You will need node.js installed (version 0.8.x or greater),
which comes with npm
(version 1.1.x or greater).
You will also need MongoDB installed, if you want to run the server locally.
Once you have that in order:
-
create a git clone this repository; eg,
git clone https://github.com/ibmjstart/bluemix-sample-tia-node.git
-
run
npm install
to install node pre-req modules
You should create a config.json
in the root directory. It's
listed in .gitignore
, so will not be stored in git. A
sample is available in config.json.txt
.
Set the Klout and Twitter keys as appropriate.
For Klout, you can obtain a developer key here: http://klout.com/s/developers/home
For Twitter, you can obtain a key and secret here: https://dev.twitter.com/
Note that you just need simple keys here; for neither klout nor twitter will the user ever "sign in" - this application only deals with public data.
To run locally, you will need a mongodb server running, at the URL:
mongodb://localhost:27017
. It will use a database named
bluemix-sample-tia-node
when run locally.
use one of:
node app.js
node lib/cli.js
npm start
./build.coffee serve
(build serve
on Windows)./build.coffee watch
(does not run on on Windows)
The first four all do the same thing.
./build.coffee watch
is used at development time. It will watch the source
directories, and restart the server when they change.
The server will print the URL at which it's available after it's started.
You should see something like this when you run:
bluemix-sample-tia-node: mongo: url: mongodb://localhost:27017/bluemix-sample-tia-node
bluemix-sample-tia-node: connecting...
bluemix-sample-tia-node: connected
bluemix-sample-tia-node: ---------------------------------------------------------------
bluemix-sample-tia-node: twitter bearer token retrieved
bluemix-sample-tia-node: starting server on pid 82546 at http://localhost:8000
You will first need to create a new mongodb service.

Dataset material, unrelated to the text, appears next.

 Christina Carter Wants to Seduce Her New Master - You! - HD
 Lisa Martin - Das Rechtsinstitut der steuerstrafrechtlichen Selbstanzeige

The app expects that you will have only one service bound, with a name starting
with 'mongo'
.
After creating the service, push the app from this directory (after running
the initial installation as noted above), binding to your new mongo*
service.
The commands will be something like this:
$ cf create-service
<select mongodb, verison >= 2.2>
<use default name of mongodb-{hexdigits}>
<Update manifest.yml file with App Name, Hostname and MongoDb hexdigits>
$ cf push
<watch a bunch of stuff happen>
Push successful! App '{unique-name}' available at http://{unique-name}.{default-domain}
Note that the app has only been tested on node 0.8.x and above.
That should be it! Head over to your app's URL to start exploring!
The app consists of 4 types of pages:
-
the home page, which lists all the twitter users you have explored
-
an individual's user page, displaying information about that user
-
the messages page, displaying error and informational messages
-
the help page, providing a legend of some of the symbols used
When you run the first time, there will be no users listed on the home page. Enter one in the prompter on the page, and press the Analyze button. That should take you to the individual's user page. When you traverse back to home (press the back button - or you can always click the 'Home' link at the top), you'll see that user in the list. As you explore more users, they will be pushed to the top of the list.
The list provides a "delete" button to remove the user from the list, a green badge showing their klout score, a search icon button which will display the individual's user page, and a twitter icon button which will take you to the user's twitter page.
The list of users is stored in your browsers local storage - it's not saved anywhere on the web.
The individual user page displays up to 4 things:
-
list of twitter users this user is influenced by
-
list of twitter users that are influenced by this user
-
recent tweets
-
a Google map if any tweets are geo-coded
For each of the influenced by and influences users, their klout score badget, a search icon button, and twitter icon button are displayed. Click on the search icon button to display that user's individual user page.
For tweets which are geo-coded, a numeric badge link is displayed; click on that bad to display the referenced location in Google Maps.
The web app is contructed as a single-page-app using
AngularJS. The web resources - html, css, and js files
are located in the www
directory. Each 'page' in the app is designed as
a separate html view, with a controller to go with, located in the
www/controllers
directory.
The web app issues XHR requests back to the server to get dynamic data from klout and twitter. To make the system appear non-laggy, the data previously returned from an XHR request is shown on the web page before the more recent data is returned from the server. Often, the data won't change.
The list of users you've explored, and other not-frequently changing data
is persisted to localStorage
, bypassing the need to store that personal
data 'in the cloud'.
Google maps are generated in the browser using the Google Static Maps API.
The server does three basic things:
-
serves static content for the web app - html, css, and js files
-
serves XHR requests for klout and twitter data
-
persists data in a MongoDB cache
XHR requests are first checked to see if there is a recent response value in the MongoDB cache. If there is, it's returned. Otherwise, a request is made of the appropriate service, and the response is then added to the cache, for future requests.
The data in the MongoDB cache is expired, over time, using MongoDB's ttl expiration feature. This feature requires version MongoDB 2.2.